We are all working to cope with the outbreak of the coronavirus (COVID-19) in China, and the virus’s escalation into a global pandemic.
Gov. Roy Cooper and President Donald Trump have declared states of emergency. Gov. Cooper has further ordered the closure of all public schools for two weeks, on top of implementing a temporary ban on gatherings of more than 100 people.
An 11-year long bull market has ended, and the financial markets are volatile from hour to hour. There are some shortages of household supplies. Businesses and parents are scrambling to figure out how the next two weeks look.
One important thing for North Carolinians, in particular, to remember is that our state is prepared for emergencies.
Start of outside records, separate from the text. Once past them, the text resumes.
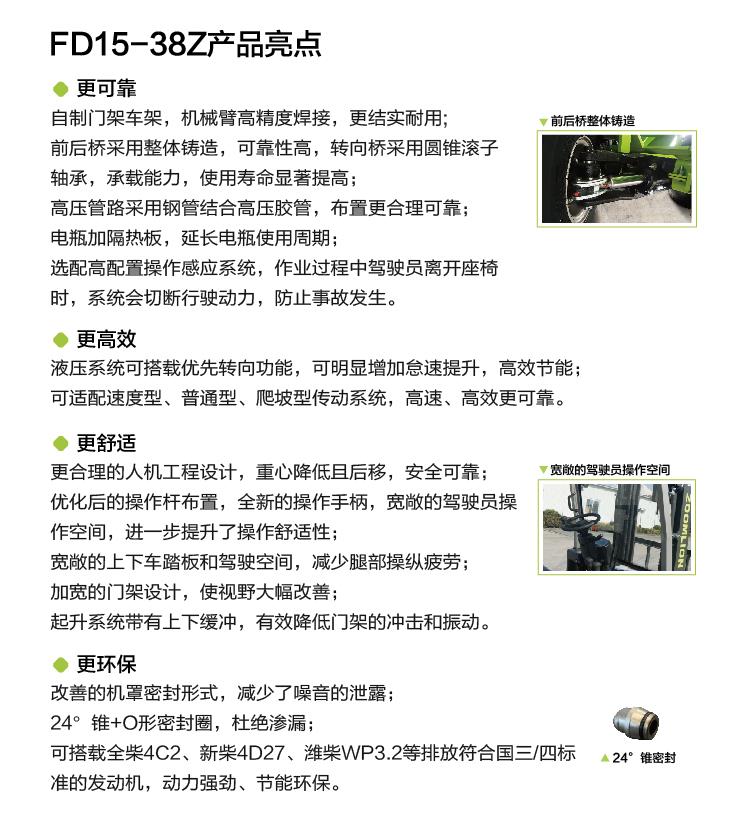 必发集团(股份)有限公司-官方网站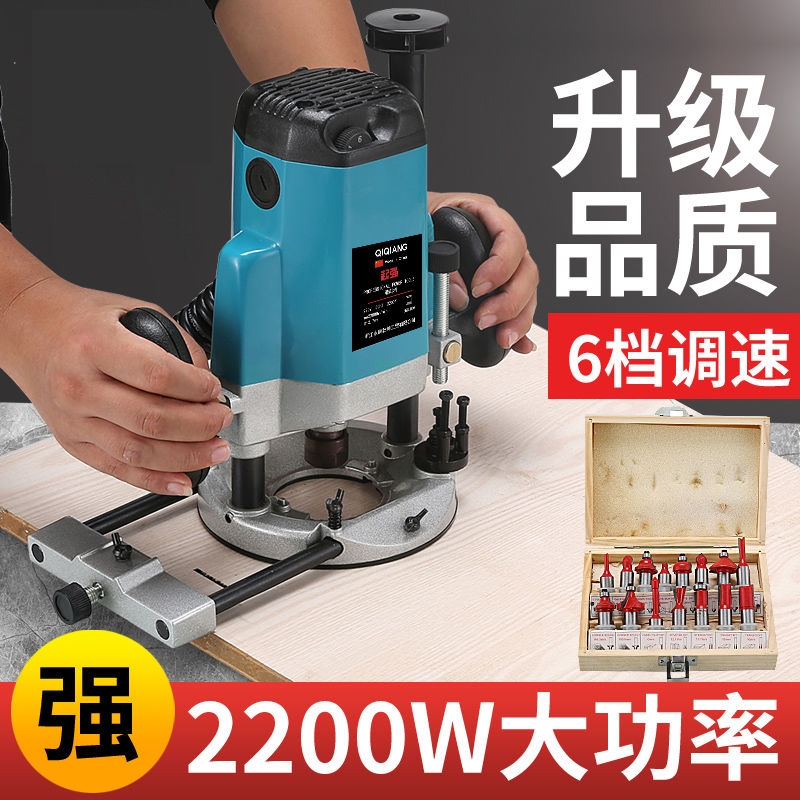 。木工开榫卯开木门锁孔专用开槽机工具雕刻机多功能修边机大锣机
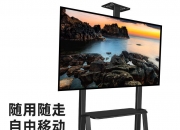 2024年彩电行业发展现状、竞争格局及发展趋势与前景分析_人保车险,人保有温度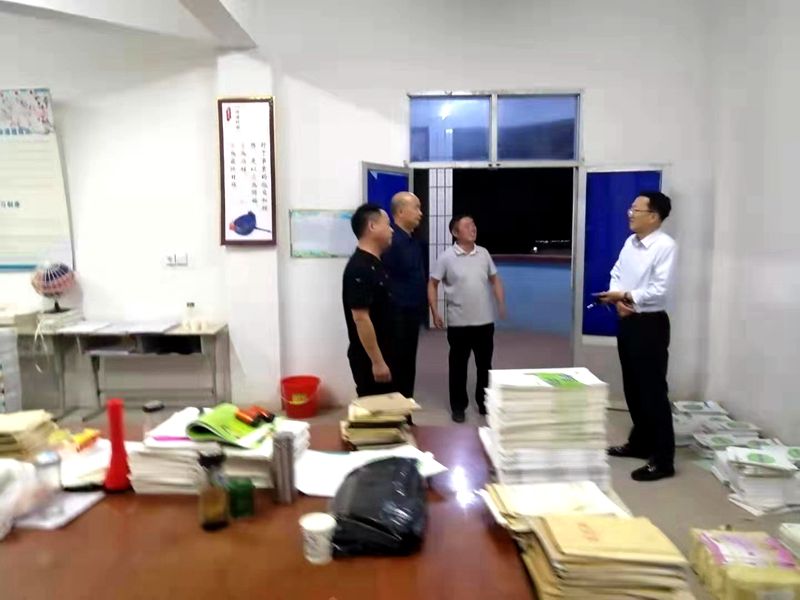 微信图片_20190925073522.jpg 微信图片_20190925073522.jpg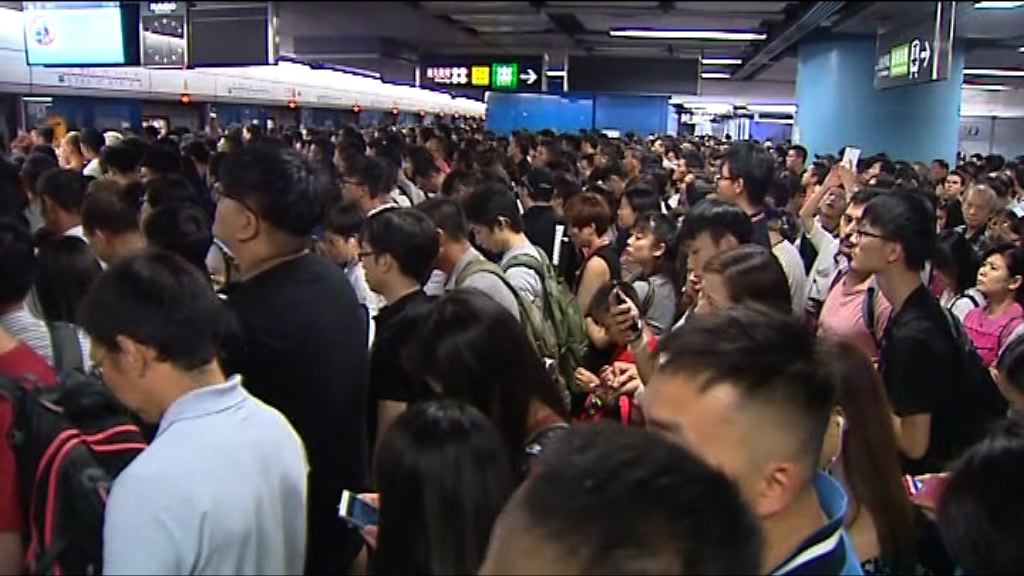 港鐵完成搶修　列車服務逐步回復正常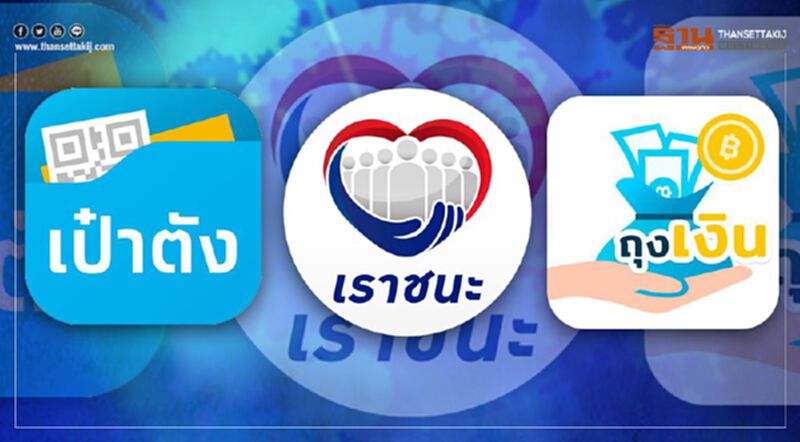 "เราชนะ" แอปฯ "เป๋าตัง" - "ถุงเงิน" ของต้องมี ใช้ทำอะไร ขั้นตอนสมัคร วิธีใช้งาน เช็กได้ที่นี่ "เราชนะ" แอปฯ "เป๋าตัง" - "ถุงเงิน" ของต้องมี ใช้ทำอะไร ขั้นตอนสมัคร วิธีใช้งาน เช็กได้ที่นี่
There will be plenty of opinions offered by pundits, including me, over the next 42 days until the North Carolina General Assembly comes into session on April 28. Plenty of people will have opinions about what money needs to be spent, what regulations need to be changed, and how North Carolina should work to recover economically after the viral storm of COVID-19.
Regardless of what those debates look like, North Carolina is financially prepared due to a decade of fiscal discipline and a growing economy.
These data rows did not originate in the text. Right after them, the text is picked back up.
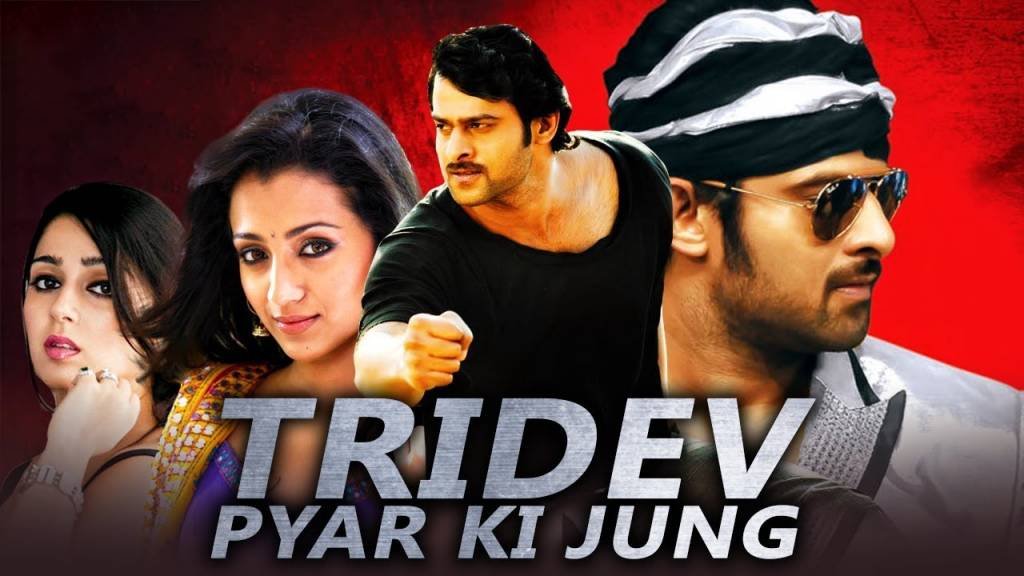 Hindi Dubbed Movies of Trisha Krishnan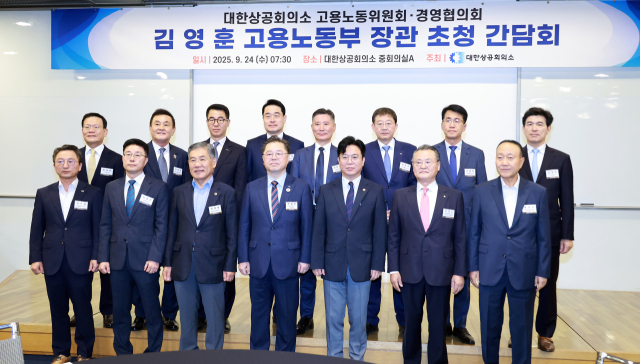 김영훈(앞줄 오른쪽 세 번째) 고용노동부 장관이 24일 서울 중구 대한상공회의소에서 열린 간담회에서 참석자들과 기념 촬영하고 있다. 연합뉴스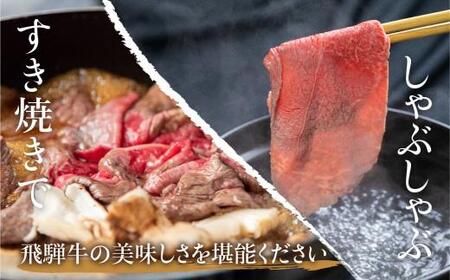 飛騨牛リブロースすきやき用300g | すき焼き ロース 霜降り ブランド牛 飛騨牛のこもり FC019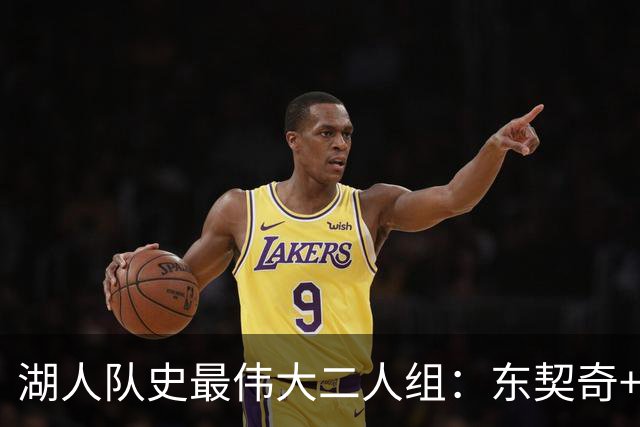 湖人队史最伟大二人组：东契奇+里夫斯>詹姆斯+戴维斯？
As many families are learning in the face of this pandemic, it is crucial to be prepared.
Just a few years ago, North Carolina’s rainy day fund (savings reserve) was empty, and the state’s Medicaid program was seeing consecutive years of cost overruns running into the hundreds of millions of dollars. Can you imagine if that was our current financial situation with the state government? We would be entirely unprepared for COVID-19.
Since 2010, conservative lawmakers have made transformative moves to rebuild the rainy day fund, reform the tax code to reduce revenue volatility, reform the Medicaid program, and prepare for North Carolina’s next crisis.
As of the latest report from the Office of the State Controller, North Carolina’s rainy day fund now has $1.17 billion, the State Emergency Response and Disaster Relief Fund has $74.4 million, and the Medicaid Contingency Reserve sits at $186.4 million.
Critics who perpetually support more government spending have decried these conservative saving reforms over the past decade, and have been proven wrong again and again.
There is still a lot to learn about this current crisis. There will be plenty of debates and policy proposals. But thanks to fiscal reforms, North Carolina is a better Carolina than it was ten years ago. Thanks to those reforms, we are prepared for this storm.